Department of Structural Heart Disease, National Center for Cardiovascular Disease, China & Fuwai Hospital, Chinese Academy of Medical Sciences & Peking Union Medical College, Beijing, China.
State Key Laboratory of Cardiovascular Disease, Department of Vascular Surgery, National Center for Cardiovascular Diseases, Chinese Academy of Medical Sciences and Peking Union Medical College, Fuwai Hospital, Beijing, China.

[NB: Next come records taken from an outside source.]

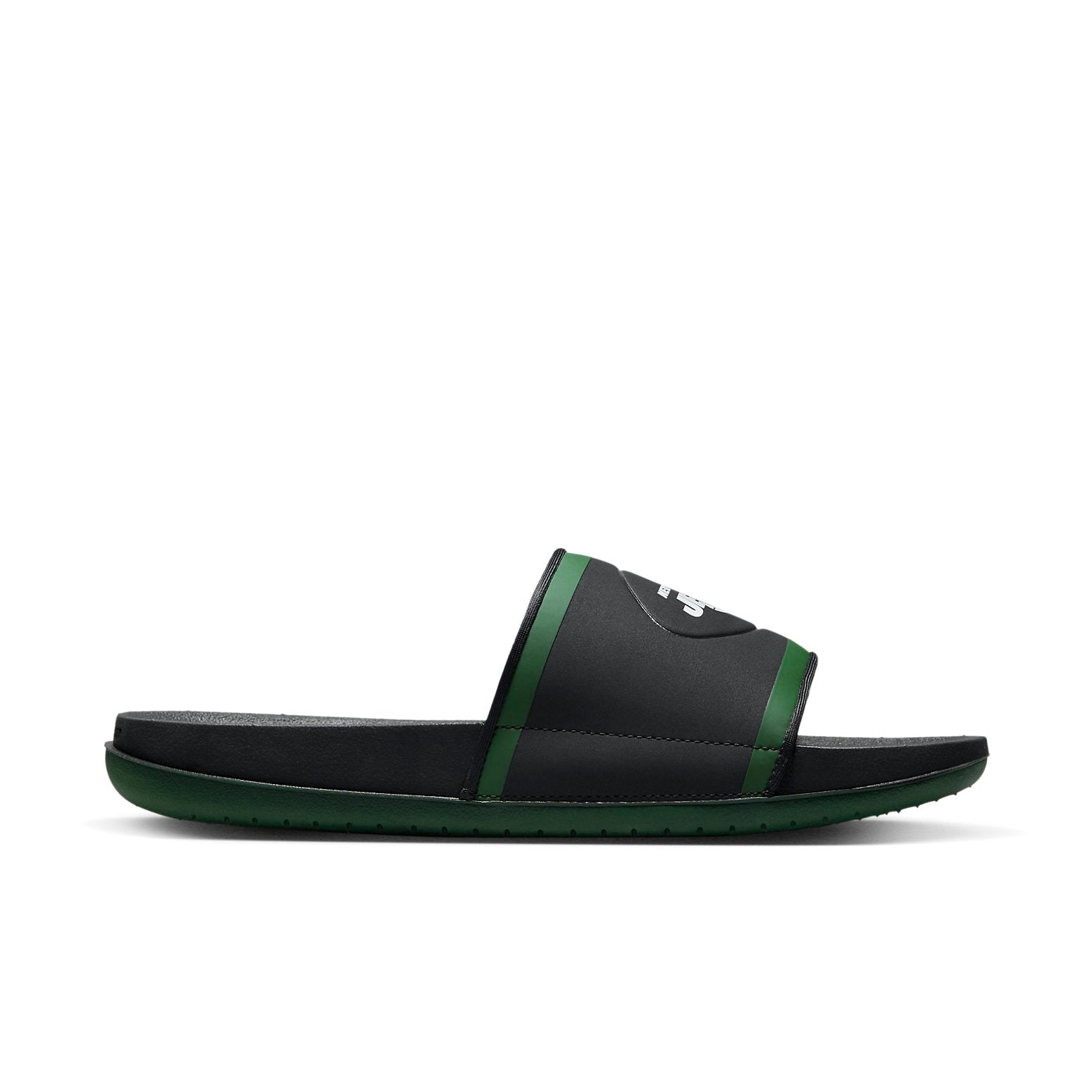Nike NFL x Offcourt Slide 'New York Jets' DD0528-002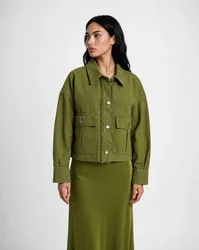 UTILITY JACKET female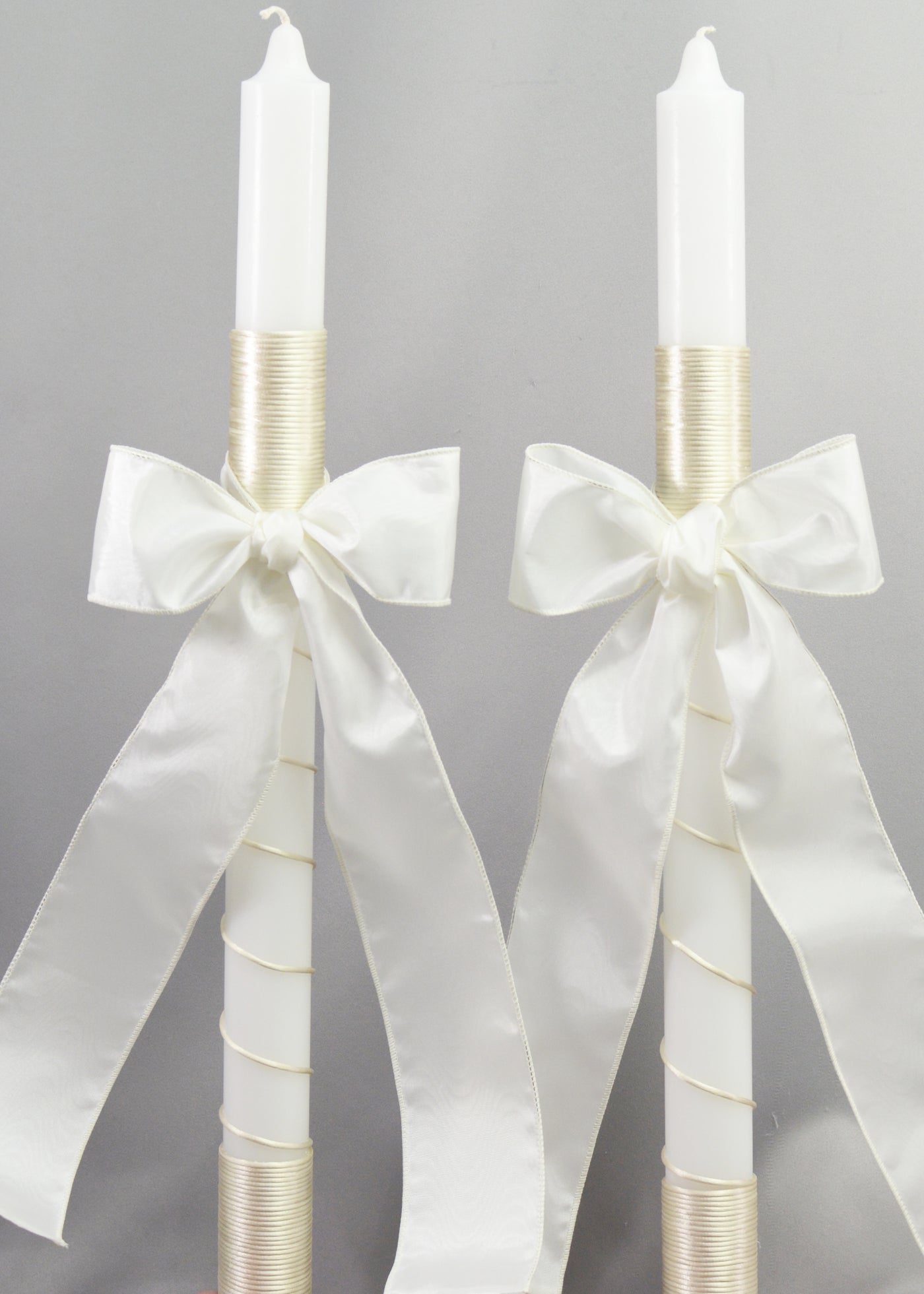 Fell In Love Wedding Candles | 24"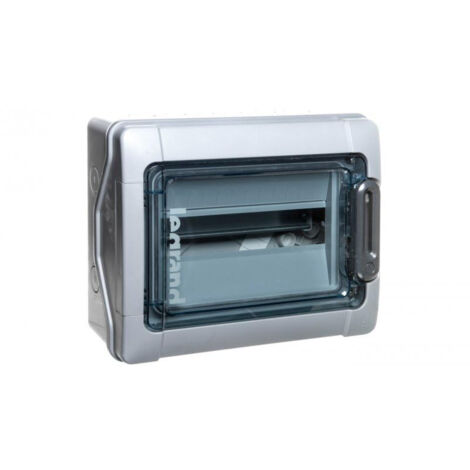 MODULE DISTRIBUTEUR 1X12 SAILLIE IP65 RN-65 601941 LEGRAND 3245066019413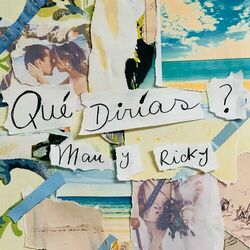 Cover of Qué Dirías?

Catheter Cardiovasc Interv. 2024 Nov;104(5):990-998. doi: 10.1002/ccd.31235. Epub 2024 Sep 18.
Coronary Artery Fistulas (CAFs) Patients with aneurysm may face severe complications, necessitating prompt treatment. However, data on the outcomes of transcatheter closure in CAFs patients with aneurysm are notably scarce.
This retrospective study included all consecutive CAFs patients who underwent transcatheter closure at Fuwai Hospital from January 2010 to December 2023. Patients were divided into two groups based on the presence of aneurysm, and baseline characteristics, anatomical features, and transcatheter closure outcomes were further compared.
The study ultimately included 104 patients, consisting of 56 in the aneurysm group and 48 in the non-aneurysm group. Patients in the aneurysm group were younger [39.79 (16.35) versus 50.69 (13.31) years, p < 0.001] and more frequently present with heart murmurs (21.43% vs. 6.25%, p = 0.03). Multivariate logistic regression indicated that a larger fistula diameter and the presence of CCFs are independent risk factors for the presence of aneurysm in CAF patients. The procedural success rate (75% vs. 75%, P = 1), fistula recanalization rate (11.11% vs. 16.67%, p = 0.42), and reintervention rate (3.7% vs. 6.25%, p = 0.89) were similar between the aneurysm and non-aneurysm groups.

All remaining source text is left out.